November 20, 2005

A User's Guide to Time Travel - and for those of you a little more advanced, the TARDIS type 40 Manual. Furthermore, a study of Temporal Anomalies in Time Travel Movies so you can avoid all those tricky mistakes.
  • Guess what? It never happened.
  • You look . . . older.
  • marty mcfly marries his teenage self, thereby becoming his own grandparents. he warns delorean about the cocaine bust and the dmc12 becomes the volkswagen beetle of the 1980s.

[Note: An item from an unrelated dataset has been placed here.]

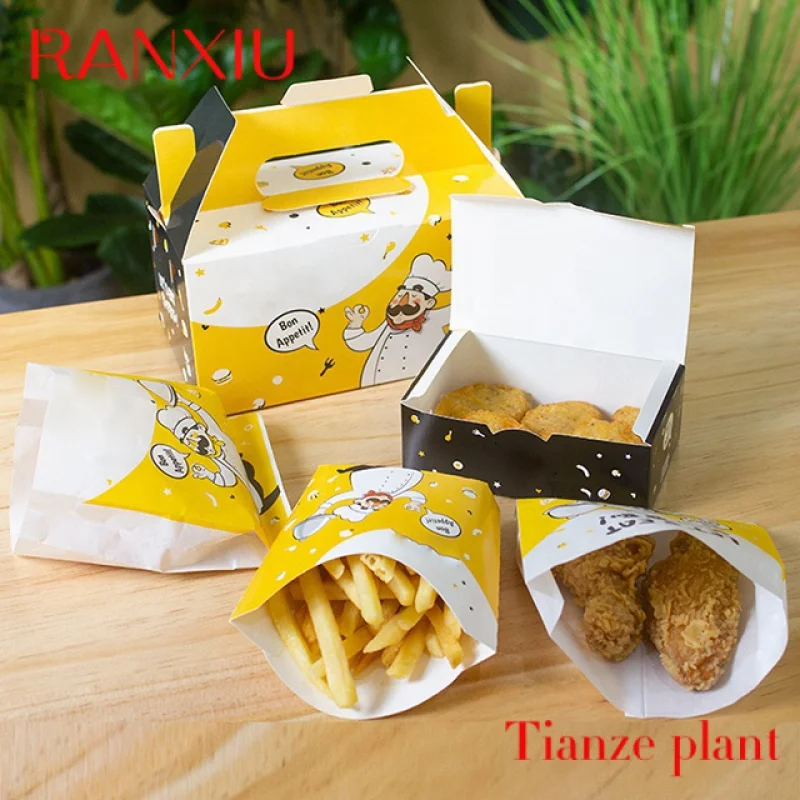 LOQUIO-Take Away caixas de alimentos, batatas fritas, batatas fritas, frango frito, pepitas, sacos de papel, embalagem Fast Food, logotipo personalizado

  • Is Earth in a vortex of space-time? Obviously The Doctor would know, and by The Doctor, I'm of course referring to the quintessential incarnation, as portrayed by Tom Baker. Anyone who disagrees, it's pistols at dawn, I'm afraid. And anyone who disagrees and mentions Colin Baker as a preferred alternative, you don't get to have a loaded pistol, that's how wrong you are.

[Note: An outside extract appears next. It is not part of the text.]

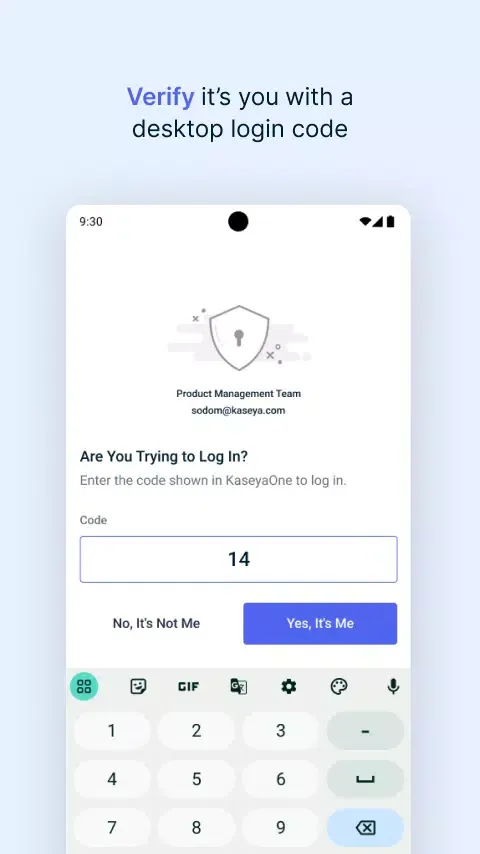 KaseyaOne Authenticator Ekran Görüntüleri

  • Tom Baker, most definitely. But time travel is a load of bollocks...
  • Looking at the Tardis Type 40 technical specifications, I notice that the Tardis' databuss clock is operating at a cool 750MHz. Time travel galore, but no running Half Life 2 on it, I'm afraid.
  • One huge difficulty with time travel is the proliferation of parasllel or alternative universes which may then ensue, as more and more temporal travellers meddle in timelines, a process which soon renders any sort of fixed event in any given timeline impossible. Have always found time travel tales unltimately unsatisfavtory: when/where every event becomes improbable or impossible, ultimately nothing matters.
  • Enjoy. No, really.
  • Ah, Bees. You can elevate typos to the level of absolute genius.
  • *weeps*
  • The "parasol of time" .. Hmmm, that works!
  • Yes, I agree about Tom Baker; however, Jon Pertwee is a close second. Btw, time travel ain't all it's cracked-up to be. Been there, done that.
  • I'm busy now. I'll write a comment earlier.